ABOUT LAFAYETTE SQUARE

Stories, Photos and Other Treasures from Our Archive

Photo by Dominic DeMarco

Excerpts from "A Walk Around The Square" by Thomas Keay

Lafayette Square is a reminder of Victorian St. Louis in its most flamboyant years, the last quarter of the 19th century.

Lafayette Park is the focal point of the Square, a last link to the little French settlement of 1764. It is an extension of the St. Louis Commons which was reserved for public use as pasture and farm land in the European tradition. It remains the only land within the city never under private ownership.

The 30 acre park was platted in 1836, making it not only the oldest of city parks, but also the first park west of the Mississippi River. The name commemorates the popular hero of the American Revolution who visited St. Louis in 1825. For some years the area was considered too remote for practical residential development and locally the park was known as "Grimsley's Folley". Colonel Thornton Grimsley, a member of the Board of Aldermen, enthusiastically supported retaining a portion of the Commons for the enjoyment of all the citizens of St. Louis. With a population of less than 16,000 and municipal development hardly past the present Fourteenth Street, the public's pessimism is easily understandable.

The city made few improvements in Lafayette Park in the 1840's and 1850's, but by 1860 the population of St. Louis had increased 900% over the previous 20 years. During the prosperous post-Civil War years, Lafayette Square became one of the most fashionable neighborhoods in St. Louis and its park became the most popular recreation spot in the city.

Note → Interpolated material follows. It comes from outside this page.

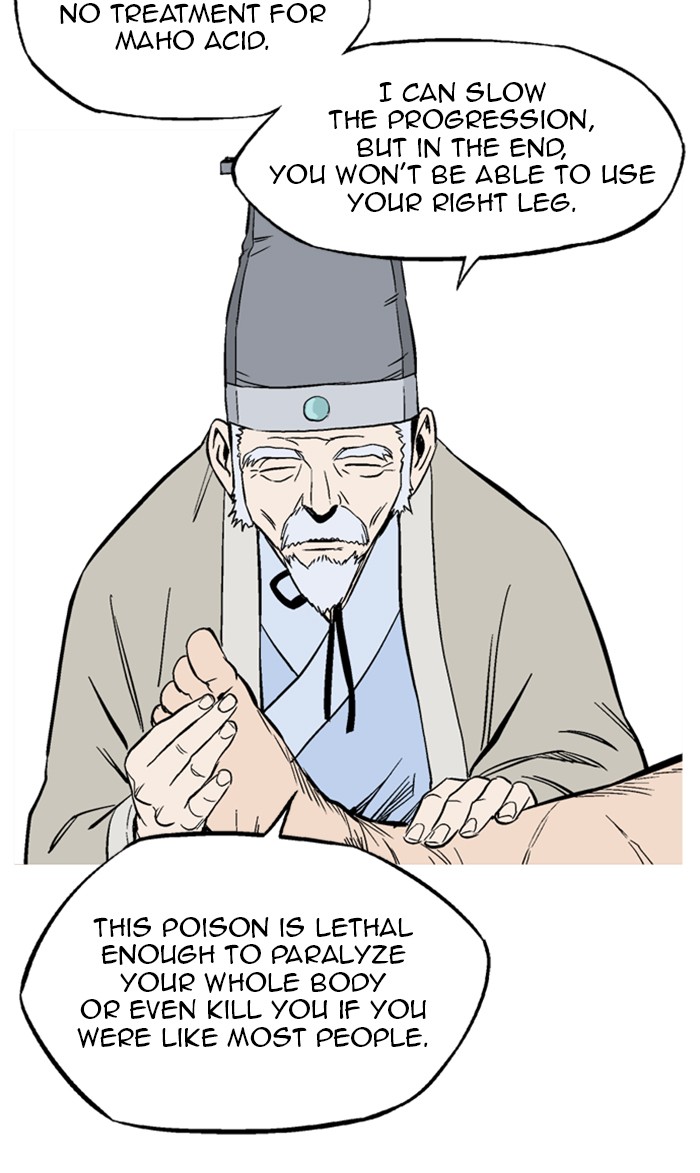 Gosu (The Master) Chap 229 - Next Chap 230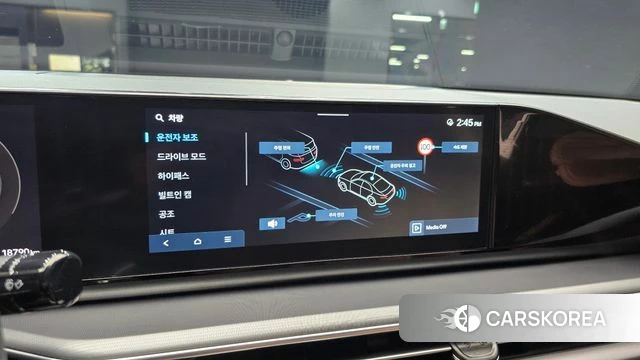 Hyundai Grandeur (GN7) id 4442568 из Кореи 20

Individuals of both local and national reputation built imposing residences here. Among them were Montgomery Blair, appointed Postmaster General by Abraham Lincoln; David Nicholson, prominent wine and grocery merchant; Louis Brandeis, later U.S. Supreme Court Justice; D.C. Jaccard, noted jeweler; Charles Nagel, Secretary of Commerce and Labor in the Taft Administration; Mrs. Firmin Desloge, widow of the mining magnate; Joseph LaBarge and Horace Bixby, famed steamboat pilots; and three St. Louis mayors - John S. Thomas, James Britton and Henry W. Kiel.

But by the 1890's newer St. Louis neighborhoods developing to the West were enjoying increased popularity. The devastating cyclone of May, 1896 hastened the Square's decline. Destruction to the park and surrounding residences was so extensive that many entrenched families apparently decided to join the migration.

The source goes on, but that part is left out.